### What you will do
Print this span of the material below exactly: the line with "Sunday Afternoons Kids'", the line with "Doullens Communal Cemetery Extension No 1", and every line between them, but nothing else.

### Provided records
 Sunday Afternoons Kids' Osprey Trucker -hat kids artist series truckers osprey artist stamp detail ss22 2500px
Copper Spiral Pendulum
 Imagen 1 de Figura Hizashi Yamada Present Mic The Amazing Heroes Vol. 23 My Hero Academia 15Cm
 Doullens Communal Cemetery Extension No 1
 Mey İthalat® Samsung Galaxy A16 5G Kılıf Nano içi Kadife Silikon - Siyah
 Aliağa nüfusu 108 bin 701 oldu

---

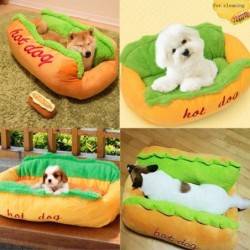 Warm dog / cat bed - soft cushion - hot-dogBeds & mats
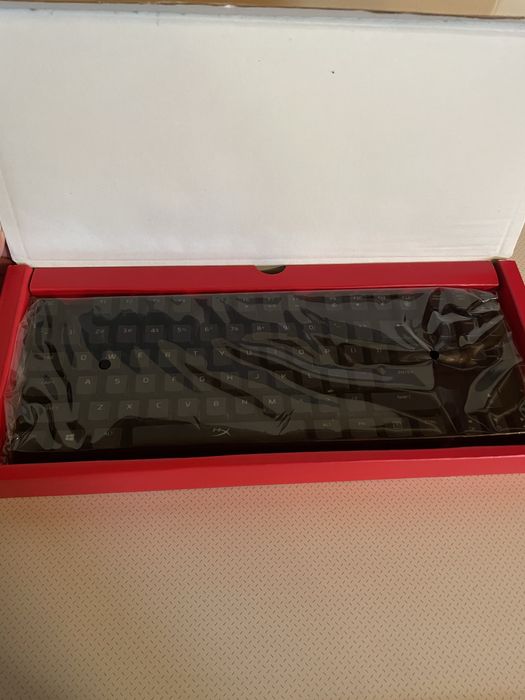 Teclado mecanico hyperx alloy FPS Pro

### Response box
 Sunday Afternoons Kids' Osprey Trucker -hat kids artist series truckers osprey artist stamp detail ss22 2500px
Copper Spiral Pendulum
 Imagen 1 de Figura Hizashi Yamada Present Mic The Amazing Heroes Vol. 23 My Hero Academia 15Cm
 Doullens Communal Cemetery Extension No 1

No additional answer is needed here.